*REQUIREMENT*: All the records below must be returned exactly as they stand.

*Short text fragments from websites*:
"""

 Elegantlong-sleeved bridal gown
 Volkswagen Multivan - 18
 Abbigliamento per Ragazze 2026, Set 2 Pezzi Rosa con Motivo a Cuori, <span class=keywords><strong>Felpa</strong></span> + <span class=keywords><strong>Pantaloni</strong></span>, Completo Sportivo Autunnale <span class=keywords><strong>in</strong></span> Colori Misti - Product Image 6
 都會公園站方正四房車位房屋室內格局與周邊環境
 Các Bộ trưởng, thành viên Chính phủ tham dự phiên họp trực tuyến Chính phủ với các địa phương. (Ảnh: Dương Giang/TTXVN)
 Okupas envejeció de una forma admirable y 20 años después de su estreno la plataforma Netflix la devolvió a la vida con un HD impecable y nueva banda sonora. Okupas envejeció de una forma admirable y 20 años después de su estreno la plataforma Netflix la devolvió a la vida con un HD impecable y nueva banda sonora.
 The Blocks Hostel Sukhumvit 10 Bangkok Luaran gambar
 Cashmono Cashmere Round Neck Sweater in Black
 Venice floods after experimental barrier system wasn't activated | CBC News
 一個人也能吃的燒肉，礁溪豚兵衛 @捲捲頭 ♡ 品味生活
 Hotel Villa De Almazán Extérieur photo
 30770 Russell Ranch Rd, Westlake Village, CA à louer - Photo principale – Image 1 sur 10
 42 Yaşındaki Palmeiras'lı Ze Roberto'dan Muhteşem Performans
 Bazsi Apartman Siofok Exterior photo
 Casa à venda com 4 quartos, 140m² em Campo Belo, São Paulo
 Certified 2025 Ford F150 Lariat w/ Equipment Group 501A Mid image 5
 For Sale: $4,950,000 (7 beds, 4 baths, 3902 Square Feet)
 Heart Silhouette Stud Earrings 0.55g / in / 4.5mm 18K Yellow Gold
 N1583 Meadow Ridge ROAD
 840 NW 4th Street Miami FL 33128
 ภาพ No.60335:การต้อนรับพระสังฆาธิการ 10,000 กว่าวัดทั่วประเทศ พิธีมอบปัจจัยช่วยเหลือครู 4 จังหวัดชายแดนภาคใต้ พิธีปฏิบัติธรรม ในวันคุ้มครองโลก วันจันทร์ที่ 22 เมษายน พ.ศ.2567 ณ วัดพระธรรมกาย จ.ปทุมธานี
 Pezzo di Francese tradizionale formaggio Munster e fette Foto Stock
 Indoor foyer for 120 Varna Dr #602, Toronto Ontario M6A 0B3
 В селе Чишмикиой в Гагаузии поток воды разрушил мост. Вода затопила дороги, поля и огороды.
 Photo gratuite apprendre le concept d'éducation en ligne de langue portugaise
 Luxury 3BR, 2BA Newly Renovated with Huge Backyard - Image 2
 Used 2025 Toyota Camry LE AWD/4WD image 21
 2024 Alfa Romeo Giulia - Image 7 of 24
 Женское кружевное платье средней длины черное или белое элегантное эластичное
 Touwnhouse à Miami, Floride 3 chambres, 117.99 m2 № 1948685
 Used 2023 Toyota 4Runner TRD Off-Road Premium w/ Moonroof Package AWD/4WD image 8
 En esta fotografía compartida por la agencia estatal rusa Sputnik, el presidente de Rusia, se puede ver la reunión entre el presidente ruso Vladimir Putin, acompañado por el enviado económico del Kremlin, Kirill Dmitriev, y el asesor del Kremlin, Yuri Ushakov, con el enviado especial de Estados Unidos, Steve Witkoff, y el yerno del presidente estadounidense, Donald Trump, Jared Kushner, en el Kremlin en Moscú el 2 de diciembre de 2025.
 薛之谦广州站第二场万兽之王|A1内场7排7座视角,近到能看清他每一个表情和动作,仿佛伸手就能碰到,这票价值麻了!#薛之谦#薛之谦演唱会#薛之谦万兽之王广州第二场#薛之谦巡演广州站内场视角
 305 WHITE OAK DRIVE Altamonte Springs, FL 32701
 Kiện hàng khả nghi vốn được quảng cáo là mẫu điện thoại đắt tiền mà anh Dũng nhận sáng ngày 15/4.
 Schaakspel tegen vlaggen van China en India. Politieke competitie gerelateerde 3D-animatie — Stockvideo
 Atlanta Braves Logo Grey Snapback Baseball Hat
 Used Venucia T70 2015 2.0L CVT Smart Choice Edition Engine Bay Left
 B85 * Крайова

"""

*TASK RESPONSE*:
 Elegantlong-sleeved bridal gown
 Volkswagen Multivan - 18
 Abbigliamento per Ragazze 2026, Set 2 Pezzi Rosa con Motivo a Cuori, <span class=keywords><strong>Felpa</strong></span> + <span class=keywords><strong>Pantaloni</strong></span>, Completo Sportivo Autunnale <span class=keywords><strong>in</strong></span> Colori Misti - Product Image 6
 都會公園站方正四房車位房屋室內格局與周邊環境
 Các Bộ trưởng, thành viên Chính phủ tham dự phiên họp trực tuyến Chính phủ với các địa phương. (Ảnh: Dương Giang/TTXVN)
 Okupas envejeció de una forma admirable y 20 años después de su estreno la plataforma Netflix la devolvió a la vida con un HD impecable y nueva banda sonora. Okupas envejeció de una forma admirable y 20 años después de su estreno la plataforma Netflix la devolvió a la vida con un HD impecable y nueva banda sonora.
 The Blocks Hostel Sukhumvit 10 Bangkok Luaran gambar
 Cashmono Cashmere Round Neck Sweater in Black
 Venice floods after experimental barrier system wasn't activated | CBC News
 一個人也能吃的燒肉，礁溪豚兵衛 @捲捲頭 ♡ 品味生活
 Hotel Villa De Almazán Extérieur photo
 30770 Russell Ranch Rd, Westlake Village, CA à louer - Photo principale – Image 1 sur 10
 42 Yaşındaki Palmeiras'lı Ze Roberto'dan Muhteşem Performans
 Bazsi Apartman Siofok Exterior photo
 Casa à venda com 4 quartos, 140m² em Campo Belo, São Paulo
 Certified 2025 Ford F150 Lariat w/ Equipment Group 501A Mid image 5
 For Sale: $4,950,000 (7 beds, 4 baths, 3902 Square Feet)
 Heart Silhouette Stud Earrings 0.55g / in / 4.5mm 18K Yellow Gold
 N1583 Meadow Ridge ROAD
 840 NW 4th Street Miami FL 33128
 ภาพ No.60335:การต้อนรับพระสังฆาธิการ 10,000 กว่าวัดทั่วประเทศ พิธีมอบปัจจัยช่วยเหลือครู 4 จังหวัดชายแดนภาคใต้ พิธีปฏิบัติธรรม ในวันคุ้มครองโลก วันจันทร์ที่ 22 เมษายน พ.ศ.2567 ณ วัดพระธรรมกาย จ.ปทุมธานี
 Pezzo di Francese tradizionale formaggio Munster e fette Foto Stock
 Indoor foyer for 120 Varna Dr #602, Toronto Ontario M6A 0B3
 В селе Чишмикиой в Гагаузии поток воды разрушил мост. Вода затопила дороги, поля и огороды.
 Photo gratuite apprendre le concept d'éducation en ligne de langue portugaise
 Luxury 3BR, 2BA Newly Renovated with Huge Backyard - Image 2
 Used 2025 Toyota Camry LE AWD/4WD image 21
 2024 Alfa Romeo Giulia - Image 7 of 24
 Женское кружевное платье средней длины черное или белое элегантное эластичное
 Touwnhouse à Miami, Floride 3 chambres, 117.99 m2 № 1948685
 Used 2023 Toyota 4Runner TRD Off-Road Premium w/ Moonroof Package AWD/4WD image 8
 En esta fotografía compartida por la agencia estatal rusa Sputnik, el presidente de Rusia, se puede ver la reunión entre el presidente ruso Vladimir Putin, acompañado por el enviado económico del Kremlin, Kirill Dmitriev, y el asesor del Kremlin, Yuri Ushakov, con el enviado especial de Estados Unidos, Steve Witkoff, y el yerno del presidente estadounidense, Donald Trump, Jared Kushner, en el Kremlin en Moscú el 2 de diciembre de 2025.
 薛之谦广州站第二场万兽之王|A1内场7排7座视角,近到能看清他每一个表情和动作,仿佛伸手就能碰到,这票价值麻了!#薛之谦#薛之谦演唱会#薛之谦万兽之王广州第二场#薛之谦巡演广州站内场视角
 305 WHITE OAK DRIVE Altamonte Springs, FL 32701
 Kiện hàng khả nghi vốn được quảng cáo là mẫu điện thoại đắt tiền mà anh Dũng nhận sáng ngày 15/4.
 Schaakspel tegen vlaggen van China en India. Politieke competitie gerelateerde 3D-animatie — Stockvideo
 Atlanta Braves Logo Grey Snapback Baseball Hat
 Used Venucia T70 2015 2.0L CVT Smart Choice Edition Engine Bay Left
 B85 * Крайова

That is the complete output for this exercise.